For years college football fans have been told the SEC is the best conference, bar none.  Not just in any given year, but every year.  And the college football media buys it.  Is it the best conference some years?  Arguably.  It's mostly a weak argument at that, but one that can be made.  Unfortunately for the conference, one of its greatest strength is also its greatest weaknesses.

Scheduling.

We will go into much further detail at a later time on here, but there is a fancy SEC scheduling myth that few people really understand, and fewer take the time to criticize.

Some of the criticisms include the following:

  • Weak out-of-conference (OOC) schedules
  • OOC slate never leaving the geographical south
  • Bifurcated conference setup that allows for few matchups of the conference's top teams
There are many more.

The issue at large is scheduling practices, something that's finally starting to catch up with the SEC as fans like myself call them on their shenanigans.  And this article is one way the SEC tries to control the public debate on the issue.  It's one-sided, and aims at spinning away a weakness.  This isn't to say the SEC is the only conference guilty of scheduling shenanigans.  Only that they are the masters and aren't taken to task about it.  It benefits them at the expense of other conferences, which is the part that bothers me.

College football doesn't have a regulated schedule the way other major sports do.  So its up to the member institutions, voluntarily, to create competitive schedules.  Many teams avoid that task, and in the case of the SEC, an entire conference has undertaken a deceptive scheme to prop up 3-4 of its "best" teams in any given year, giving them inflated records.

As said before, we'll detail this in much greater detail down the road, so our apologies for any confusion.  But for tonight we'll glance once more at the aforementioned schedule, LSU's 2005 home slate.

North Texas (9/3)
Arizona State (9/10)
Tennessee (9/24)
Florida (10/15)
Auburn (10/22)
Appalachian State (11/5)
Arkansas (11/26)

Funny, but in the gushing praise for the schedule in that article, nowhere was North Texas mentioned, or Appalachian State.

That's TWO cupcakes on a single schedule.  Worse, they're home games.  Worse, they're out-of-conference.  If you hadn't taken the time to find LSU's full schedule, you very likely would have fallen for the wool-over-eyes spin coming from Baton Rouge.

Yes, four teams were in the AP top 25 last year.  But a lot of that has to do, again, with the SEC scheduling myth we'll detail down the road.  The lone exception is Arizona State.

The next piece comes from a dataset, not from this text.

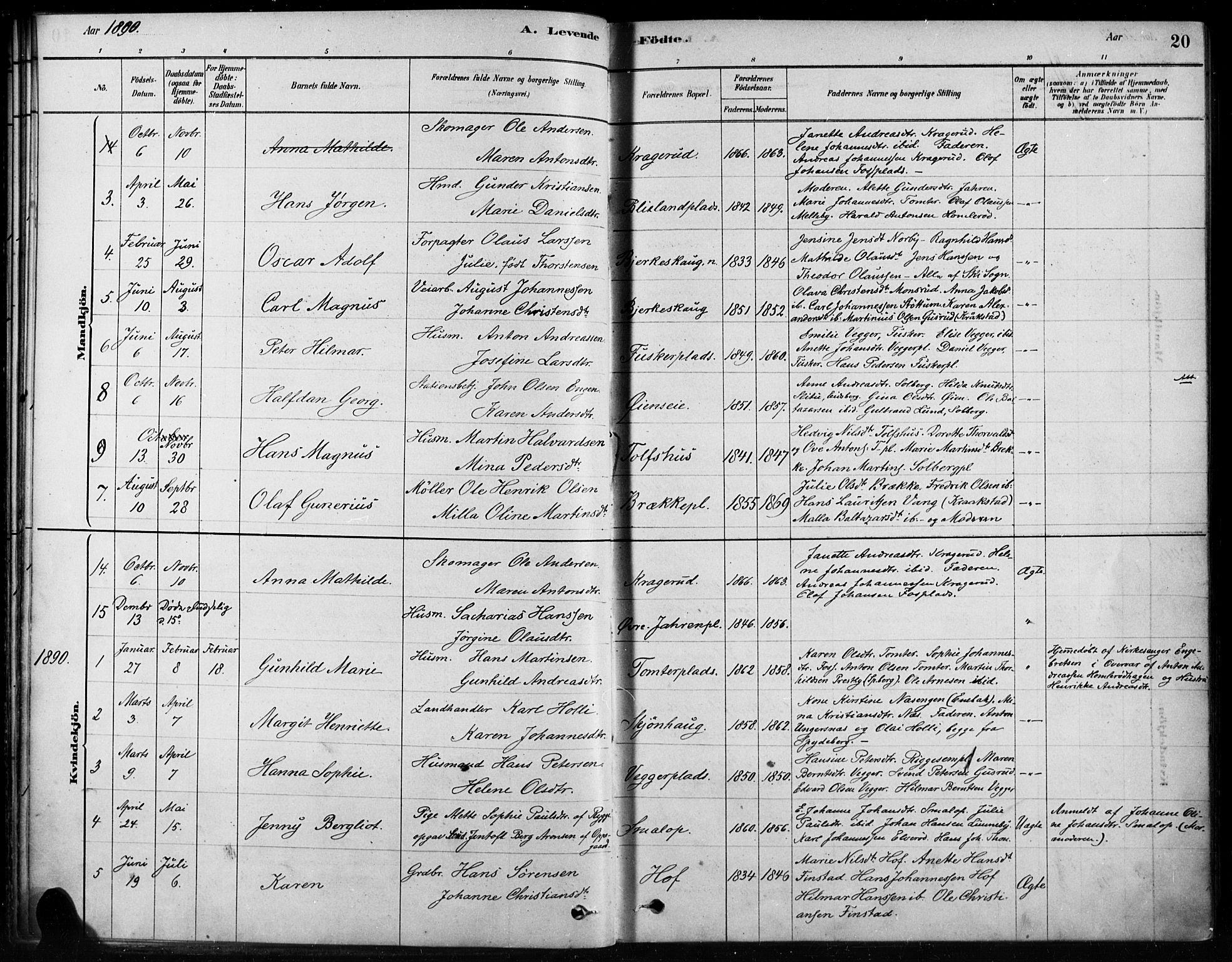 Hobøl prestekontor Kirkebøker, AV/SAO-A-2002/F/Fb/L0001: Parish register (official) no. II 1, 1878-1904, p. 20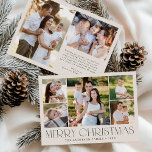 Moderne Elegante Vrolijke Kerstcrème Fotocollage Feestdagenkaart<br><div class="desc">Vier het seizoen met de Modern Elegant Merry Christmas Cream Photo Collage Holiday Kaart. Dit stijlvolle ontwerp is voorzien van een collage van 5 foto's aan de voorkant, met 4 vierkante foto's rond een groter afbeelding in het midden. "Merry Christmas" is prachtig weergegeven in trendy zwarte letters op een crème...</div>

To bring up one more criticism, the only major name out-of-conference teams playing the SEC with any consistency lately is the Pac-10 slate.  LSU hosted Oregon State last year.  This year it's Arizona State.  Alabama hosted UCLA a few years ago.  Auburn hosted USC in 2003.

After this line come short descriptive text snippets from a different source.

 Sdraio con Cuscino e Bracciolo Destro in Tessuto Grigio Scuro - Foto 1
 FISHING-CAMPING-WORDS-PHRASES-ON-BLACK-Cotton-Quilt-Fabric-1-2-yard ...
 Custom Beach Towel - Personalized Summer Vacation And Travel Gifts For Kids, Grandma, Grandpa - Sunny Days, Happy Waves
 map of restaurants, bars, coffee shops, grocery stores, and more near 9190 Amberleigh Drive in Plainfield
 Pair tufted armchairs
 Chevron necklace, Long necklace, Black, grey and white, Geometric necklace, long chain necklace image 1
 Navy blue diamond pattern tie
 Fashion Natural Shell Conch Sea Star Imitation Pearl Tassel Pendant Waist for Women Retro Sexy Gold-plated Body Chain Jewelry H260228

I have a strong hunch this is because the SEC has long perceived the Pac-10 as the weakest big-name conference, and given the Pac-10's willingness to not only play difficult OOC slates, but make road games out of those slates, this was an easy grab for SEC teams.

To the SEC's credit most of these games against the Pac-10 have been season openers or very early games, when teams are at their most vulnerable (especially upper-level teams).  But they also are usually home games, a huge advantage in college football.

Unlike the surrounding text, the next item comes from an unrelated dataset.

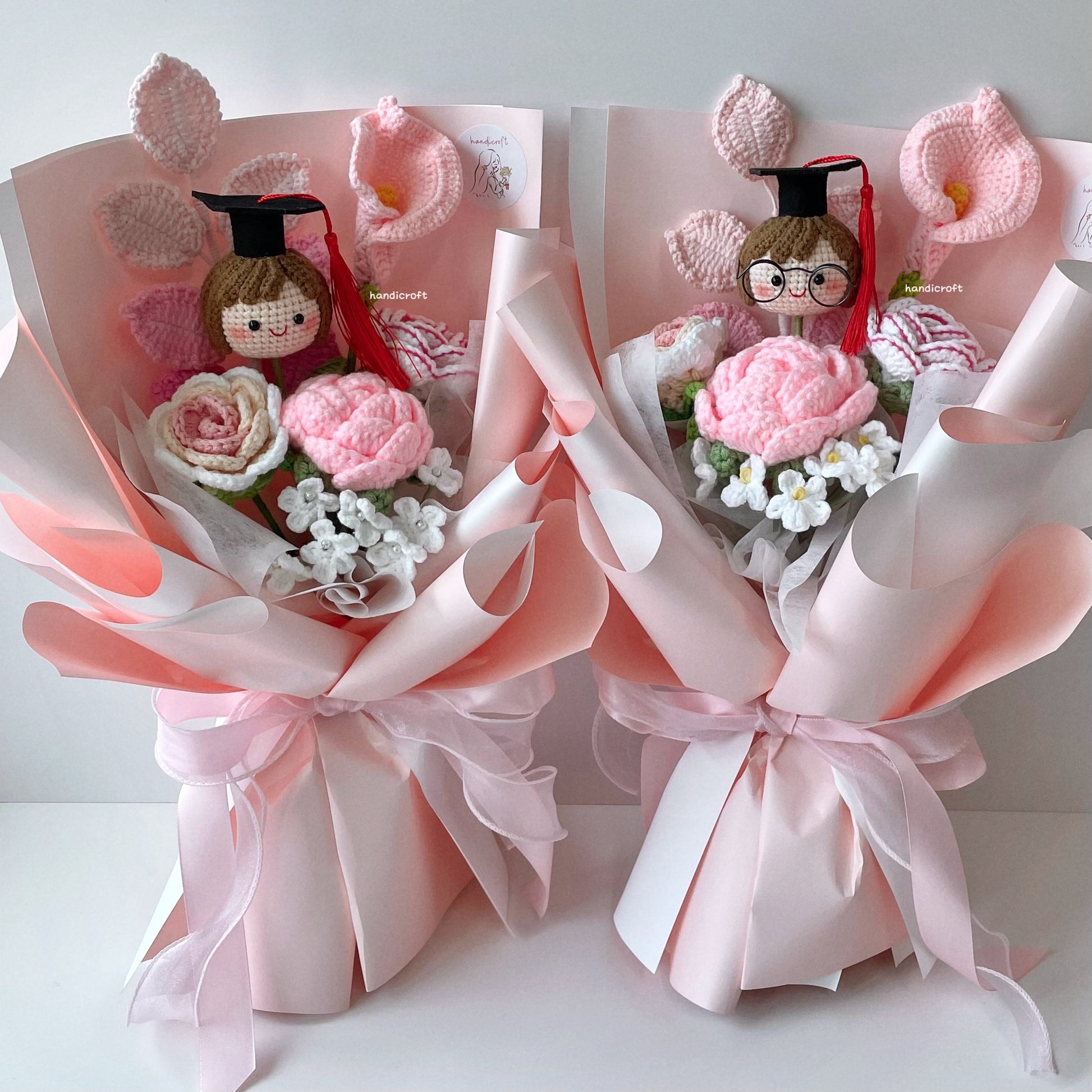 handicroft singapore handmade crochet graduation flower bouquet grad goals pink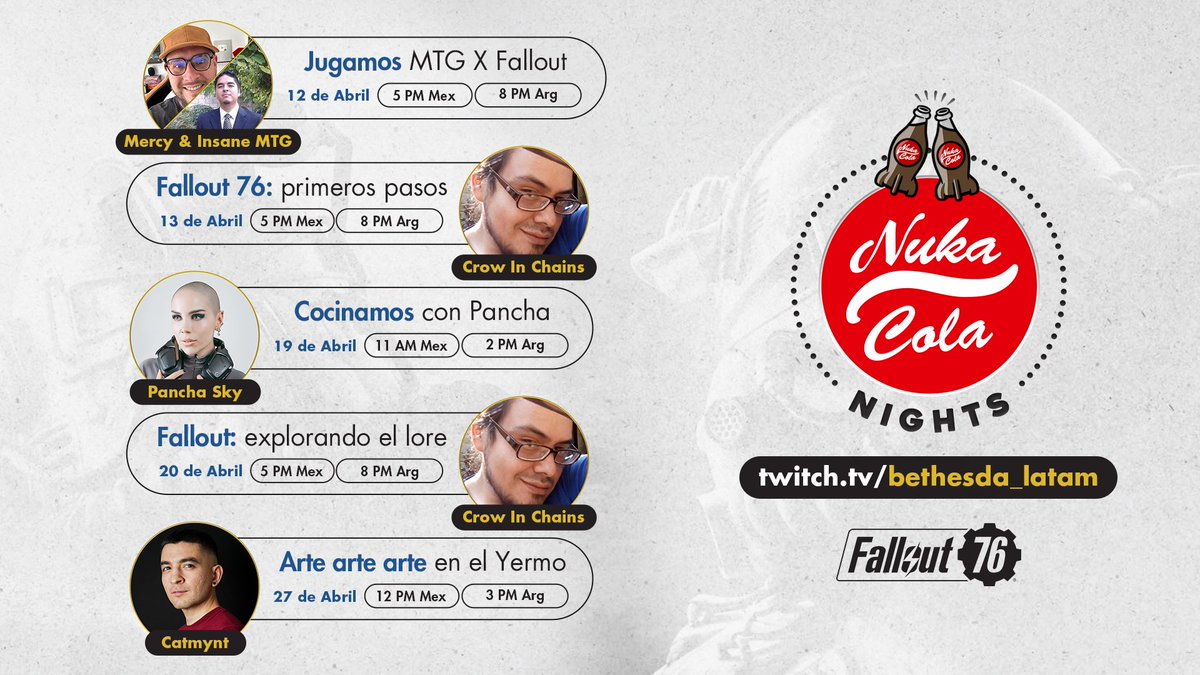 BethesdaLATAM's tweet photo. ☢️ Esta noche comienzan las NUKA-COLA NIGHTS ☢️ 

¡A lo largo de todo abril estaremos celebrando cada aspecto de #Fallout a lo grande junto a @TheMERCY3, @SadPoor, @crowinchains, @panchasky y @CatMynt!

¡Los esperamos!

🗓️ HOY
▶️ https://t.co/fofIWsmOXs https://t.co/HAK02hhNg5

Reading the AP release, I had the sense that LSU should be given credit for its home schedule, but it is in fact is only responsible for its out-of-conference opponents, as an SEC team's conference slate is decided by the conference.  So although Auburn looks like a hell of a test, LSU plays Auburn most years anyway.  That's like Oklahoma talking up its game with Texas.  They are conference foes, that game happens every year.  LSU also gets to play SEC cellar-dwellars Vanderbilt, Mississippi State and Ole Miss in 2005.  That's what happens when you are a member of a conference.

LSU fans should be excited to have some fun home games, but this schedule is nothing out of the ordinary.  Unless it's the SEC and anytime a Pac-10 team that's on your OOC slate suddenly makes the top 25 the year before.  Then you send out a press release for the AP and ESPN.com to pick up.